O estudo foi criticado por sua metodologia, incluindo a falta de randomização e controle adequado, o que compromete a validade dos resultados. A alocação aleatória dos participantes, impossibilitou eliminar vieses relacionados ao perfil clínico dos poucos pacientes sendo que a principal métrica de sucesso utilizada foi a redução da carga viral, e não outros desfechos clínicos como mortalidade ou necessidade de ventilação mecânica.

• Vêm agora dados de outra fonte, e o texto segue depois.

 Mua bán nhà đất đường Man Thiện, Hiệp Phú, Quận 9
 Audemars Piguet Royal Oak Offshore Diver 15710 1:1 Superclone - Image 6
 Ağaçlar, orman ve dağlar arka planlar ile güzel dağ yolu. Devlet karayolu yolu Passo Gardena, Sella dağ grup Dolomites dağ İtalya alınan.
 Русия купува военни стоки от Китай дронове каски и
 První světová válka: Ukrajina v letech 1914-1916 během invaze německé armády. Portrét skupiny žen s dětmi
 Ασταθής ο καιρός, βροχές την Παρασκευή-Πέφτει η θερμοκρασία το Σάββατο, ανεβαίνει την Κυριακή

Não houve controle placebo, comprometendo a validade dos resultados e pacientes graves foram excluídos, limitando a aplicação dos resultados a casos leves. Não apenas isso como, apesar do primeiro artigo ter sido prontamente rechaçado pela comunidade acadêmica, Raoult e sua equipe ainda publicaram outro artigo Outcomes after early treatment with hydroxychloroquine and azithromycin: An analysis of a database of 30,423 COVID-19 patients na publicação New Microbes and New Infections, da mesma Elsevier.

Estudos subsequentes mais robustos, incluindo ensaios clínicos randomizados, não encontraram eficácia significativa da hidroxicloroquina no tratamento da COVID-19 e indicaram potenciais riscos, como arritmias cardíacas. O artigo de Raoult teve grande repercussão e foi usado como base para que líderes políticos de extrema-direita, como Donald Trump e Jair Bolsonaro, apoiassem o uso da hidroxicloroquina como política pública, uma vez que o uso dessas drogas seria uma alternativa às medidas de restrição de circulação de pessoas e consequente diminuição da atividade econômica.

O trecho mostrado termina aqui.